# Lamy Safari



## PenWorks

Well almost  Here is a Penchatta KS (kustom safari)

If you are new to FP's or even a season vet, I would urge you to go out and buy a Lamy Safari. The retail on this pen is 27.50 - 29.00 depending on the plastic color, or if you really want to go balls out, only 38.00 in aluminum. Can be had in F-M-B , and even with italic nibs 1.1,1.5 & 1.9 for 10.00 more. This is a great writing pen. Arguablly the best FP for the money. Consistant feed, ink almost always stays wet on the nib, super light and indistructable unlsess you happen to drop it on the nib. I sell a ton of these pens. 75% of them go to first time users. This way they won't be turned off by a fountain pen, because I know they will get hassel free enjoyment with it. The only down side to this pen, it uses propietery cartridges and converters by Lamy. 

Now this is where the KS comes in. A few years back, I turned some barrels in wood. Well I finally got around to making some resin barrels for them. Just to jazz up a good pen.


----------



## bjackman

Very cool Anthony!
I assume these are E.D. (eyedropper) filled?


----------



## PenWorks

Bill, the next batch will be eye dropper, these work like a regular safari, screw on/off front section.
I need to get the right rubber washer to try an E.D.


----------



## Scott

Anthony!  Nice match on the colors!  They look great!

Scott.


----------



## Ligget

Lovely colour combination, great work Anthony![]


----------



## Johnathan

Great looking pen, very fun. So when does my tester come in the mail?


----------



## holmqer

I had been planning to do the same thing. I really like the Lamy nibs, I'm just not wild about the boring look to them.

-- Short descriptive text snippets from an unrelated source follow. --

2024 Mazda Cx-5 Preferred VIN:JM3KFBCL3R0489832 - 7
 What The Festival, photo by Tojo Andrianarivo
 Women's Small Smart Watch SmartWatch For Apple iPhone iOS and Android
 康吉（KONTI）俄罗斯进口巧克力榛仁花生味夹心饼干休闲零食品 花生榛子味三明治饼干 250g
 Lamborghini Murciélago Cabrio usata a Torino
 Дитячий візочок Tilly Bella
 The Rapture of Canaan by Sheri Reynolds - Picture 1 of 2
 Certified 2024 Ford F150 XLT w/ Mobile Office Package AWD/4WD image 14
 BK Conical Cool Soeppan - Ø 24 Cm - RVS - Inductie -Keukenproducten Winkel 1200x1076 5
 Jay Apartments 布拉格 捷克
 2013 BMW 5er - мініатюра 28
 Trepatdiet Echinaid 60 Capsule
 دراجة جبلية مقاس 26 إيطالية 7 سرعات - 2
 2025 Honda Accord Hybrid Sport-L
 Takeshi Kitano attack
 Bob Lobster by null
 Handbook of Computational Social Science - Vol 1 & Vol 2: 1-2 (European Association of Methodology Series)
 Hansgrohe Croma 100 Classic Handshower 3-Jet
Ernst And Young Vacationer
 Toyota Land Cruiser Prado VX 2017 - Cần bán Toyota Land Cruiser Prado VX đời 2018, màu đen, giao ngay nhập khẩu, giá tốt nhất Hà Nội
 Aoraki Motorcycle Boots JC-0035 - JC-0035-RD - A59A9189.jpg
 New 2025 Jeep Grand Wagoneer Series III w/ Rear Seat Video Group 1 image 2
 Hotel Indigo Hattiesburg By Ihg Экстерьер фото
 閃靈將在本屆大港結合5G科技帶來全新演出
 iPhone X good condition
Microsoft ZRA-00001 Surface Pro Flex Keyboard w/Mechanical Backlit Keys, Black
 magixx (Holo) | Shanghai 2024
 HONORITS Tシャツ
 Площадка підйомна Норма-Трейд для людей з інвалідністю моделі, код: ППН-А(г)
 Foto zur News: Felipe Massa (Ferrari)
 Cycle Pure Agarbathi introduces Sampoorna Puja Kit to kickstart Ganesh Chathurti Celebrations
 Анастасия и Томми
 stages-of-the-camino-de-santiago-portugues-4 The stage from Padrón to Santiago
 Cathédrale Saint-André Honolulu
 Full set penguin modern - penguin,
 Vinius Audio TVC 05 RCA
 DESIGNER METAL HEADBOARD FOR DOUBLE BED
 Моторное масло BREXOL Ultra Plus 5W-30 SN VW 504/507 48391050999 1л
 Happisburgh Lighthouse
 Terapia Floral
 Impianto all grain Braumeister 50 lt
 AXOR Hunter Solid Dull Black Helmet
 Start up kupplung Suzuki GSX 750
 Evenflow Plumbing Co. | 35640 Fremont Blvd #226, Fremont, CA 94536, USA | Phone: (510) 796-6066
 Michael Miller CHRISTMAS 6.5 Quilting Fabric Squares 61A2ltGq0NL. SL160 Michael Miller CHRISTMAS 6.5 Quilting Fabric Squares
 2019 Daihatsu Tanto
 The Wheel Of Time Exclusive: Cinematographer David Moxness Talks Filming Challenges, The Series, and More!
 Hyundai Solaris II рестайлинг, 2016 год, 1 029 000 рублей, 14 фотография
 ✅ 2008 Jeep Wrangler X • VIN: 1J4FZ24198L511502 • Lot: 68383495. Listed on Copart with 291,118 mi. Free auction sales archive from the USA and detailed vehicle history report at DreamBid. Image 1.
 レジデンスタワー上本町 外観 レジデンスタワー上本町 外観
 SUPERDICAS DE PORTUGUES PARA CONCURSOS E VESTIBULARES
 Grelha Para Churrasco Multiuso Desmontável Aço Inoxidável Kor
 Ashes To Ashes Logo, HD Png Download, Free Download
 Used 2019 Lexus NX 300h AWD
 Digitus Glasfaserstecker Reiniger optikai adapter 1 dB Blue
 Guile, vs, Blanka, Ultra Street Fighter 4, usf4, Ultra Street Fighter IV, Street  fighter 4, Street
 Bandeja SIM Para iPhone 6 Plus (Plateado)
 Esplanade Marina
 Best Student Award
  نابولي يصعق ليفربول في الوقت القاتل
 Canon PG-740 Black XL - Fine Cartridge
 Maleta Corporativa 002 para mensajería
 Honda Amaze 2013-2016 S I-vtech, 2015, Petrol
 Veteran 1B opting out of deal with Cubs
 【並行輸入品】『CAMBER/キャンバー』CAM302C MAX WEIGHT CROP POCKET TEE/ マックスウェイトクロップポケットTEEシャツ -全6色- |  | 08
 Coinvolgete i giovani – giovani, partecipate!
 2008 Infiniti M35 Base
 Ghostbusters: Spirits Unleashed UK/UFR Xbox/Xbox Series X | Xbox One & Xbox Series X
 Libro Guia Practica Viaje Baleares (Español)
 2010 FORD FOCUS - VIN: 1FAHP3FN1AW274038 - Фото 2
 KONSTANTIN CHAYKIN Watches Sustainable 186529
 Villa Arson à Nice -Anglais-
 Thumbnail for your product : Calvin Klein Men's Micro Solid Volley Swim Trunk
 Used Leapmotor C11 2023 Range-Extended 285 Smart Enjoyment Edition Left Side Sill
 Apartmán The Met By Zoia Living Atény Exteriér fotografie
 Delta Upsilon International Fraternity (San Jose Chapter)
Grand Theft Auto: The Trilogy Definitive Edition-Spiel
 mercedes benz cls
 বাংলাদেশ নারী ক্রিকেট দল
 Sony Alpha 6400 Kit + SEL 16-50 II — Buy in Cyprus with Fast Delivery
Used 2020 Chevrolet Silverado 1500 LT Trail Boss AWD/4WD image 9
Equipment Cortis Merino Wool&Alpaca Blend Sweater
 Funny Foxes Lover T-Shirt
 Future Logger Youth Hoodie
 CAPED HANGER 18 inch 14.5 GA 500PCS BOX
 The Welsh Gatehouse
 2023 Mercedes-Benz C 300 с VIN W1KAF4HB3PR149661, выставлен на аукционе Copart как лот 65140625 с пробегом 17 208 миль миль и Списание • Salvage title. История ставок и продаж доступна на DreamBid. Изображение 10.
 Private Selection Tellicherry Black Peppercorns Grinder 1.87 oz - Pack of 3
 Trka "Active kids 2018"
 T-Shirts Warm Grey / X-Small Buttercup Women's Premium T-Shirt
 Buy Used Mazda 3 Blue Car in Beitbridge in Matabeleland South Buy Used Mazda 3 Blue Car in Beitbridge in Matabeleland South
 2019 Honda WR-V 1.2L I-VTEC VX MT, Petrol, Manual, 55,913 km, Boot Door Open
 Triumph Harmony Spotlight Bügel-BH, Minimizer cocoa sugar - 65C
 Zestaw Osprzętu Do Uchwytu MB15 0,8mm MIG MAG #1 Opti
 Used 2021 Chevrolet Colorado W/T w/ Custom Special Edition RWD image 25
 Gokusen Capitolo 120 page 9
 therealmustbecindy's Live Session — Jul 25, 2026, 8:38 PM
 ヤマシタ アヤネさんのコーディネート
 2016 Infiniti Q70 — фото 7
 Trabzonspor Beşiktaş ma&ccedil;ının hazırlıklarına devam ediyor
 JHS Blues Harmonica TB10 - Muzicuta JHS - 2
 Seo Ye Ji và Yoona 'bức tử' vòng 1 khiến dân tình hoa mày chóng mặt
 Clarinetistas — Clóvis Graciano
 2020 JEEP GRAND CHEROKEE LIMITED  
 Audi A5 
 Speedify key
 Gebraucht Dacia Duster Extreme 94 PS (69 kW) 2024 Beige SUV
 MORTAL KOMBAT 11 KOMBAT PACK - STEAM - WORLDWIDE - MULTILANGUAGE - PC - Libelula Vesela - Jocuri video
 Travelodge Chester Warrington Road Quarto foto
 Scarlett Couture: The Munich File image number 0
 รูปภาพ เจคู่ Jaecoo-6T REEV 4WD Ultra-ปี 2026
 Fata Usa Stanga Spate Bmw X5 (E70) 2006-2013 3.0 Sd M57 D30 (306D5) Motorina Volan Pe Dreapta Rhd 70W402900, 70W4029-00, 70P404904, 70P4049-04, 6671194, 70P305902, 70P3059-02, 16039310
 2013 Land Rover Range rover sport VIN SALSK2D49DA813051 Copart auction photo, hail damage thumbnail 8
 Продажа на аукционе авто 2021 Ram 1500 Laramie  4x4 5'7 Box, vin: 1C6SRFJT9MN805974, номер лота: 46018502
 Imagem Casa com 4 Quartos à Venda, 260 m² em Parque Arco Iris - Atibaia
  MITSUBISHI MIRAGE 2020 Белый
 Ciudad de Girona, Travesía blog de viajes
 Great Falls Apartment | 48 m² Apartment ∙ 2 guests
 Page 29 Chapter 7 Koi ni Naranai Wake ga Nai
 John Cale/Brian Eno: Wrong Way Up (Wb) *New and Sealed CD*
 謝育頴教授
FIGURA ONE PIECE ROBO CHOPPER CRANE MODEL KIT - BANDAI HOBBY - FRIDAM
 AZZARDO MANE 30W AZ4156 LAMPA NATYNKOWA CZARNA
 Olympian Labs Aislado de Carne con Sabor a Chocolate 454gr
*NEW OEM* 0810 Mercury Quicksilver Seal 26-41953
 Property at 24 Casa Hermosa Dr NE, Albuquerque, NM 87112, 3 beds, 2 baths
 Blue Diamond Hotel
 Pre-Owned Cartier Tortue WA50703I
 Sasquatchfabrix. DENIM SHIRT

The real trick will be to customize a Lamy 2000!


----------



## gerryr

Very nice Anthony.  Are you going to start selling these as a "kit" soon?


----------



## PenWorks

Hadn't thought about it. I wonder what would Dr. Lamy think ? [:0]


----------



## jeffj13

Just an fyi, Pear Tree Pens is having a sale on the Lamy Safari right now.  $20 - $24 depending on the color.

jeff


----------



## Jim in Oakville

Nice colour match as mentioned.  Are you turning them in your metal lathe, no tubes I assume.


----------



## PenWorks

Jim, turned them on my wood lathe, using a pin chuck and no tube.


----------